7. The method according to claim 2, characterized in that, Based on the location sequence of each somatic cell, the population morphology features, population texture features, population subpopulation features, and somatic cell concentration of all somatic cells are extracted from the cell images within a preset time period, including: The number of somatic cells detected in the cell image within the preset time period is counted. The volume parameter is obtained by multiplying the flow rate of the raw milk sample by the duration of a preset time period. The somatic cell concentration in the raw milk sample is obtained based on the ratio of the somatic cell count to the volume parameter.
8. The method according to any one of claims 1-7, characterized in that, The optical properties of the raw milk sample in the cell image are revealed based on the light from the spatial light source illuminating the detection cell.

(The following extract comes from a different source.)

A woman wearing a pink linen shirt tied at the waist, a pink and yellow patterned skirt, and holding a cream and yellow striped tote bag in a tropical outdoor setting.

9. A server, characterized in that, include: A memory and a processor, the memory and the processor being communicatively connected to each other, the memory storing computer instructions, the processor executing the computer instructions to perform the method of any one of claims 1 to 8.
10. A label-free online raw milk somatic cell detection device, characterized in that, The device includes: a branch pipe, a detection pool, an automatic image acquisition module, and a server as described in claim 9; The two ends of the branch pipeline are connected to the main pipeline of the milking production line, and are used to obtain raw milk samples from the main pipeline of the milking production line in real time during the production process of the milking production line. When the raw milk sample flows through the detection pool in the branch pipeline, the automatic image acquisition module captures cell images in real time and sends the cell images to the server so that the server executes the method of any one of claims 1 to 8; In the cell image, the somatic cells in the raw milk sample are distributed in a single layer.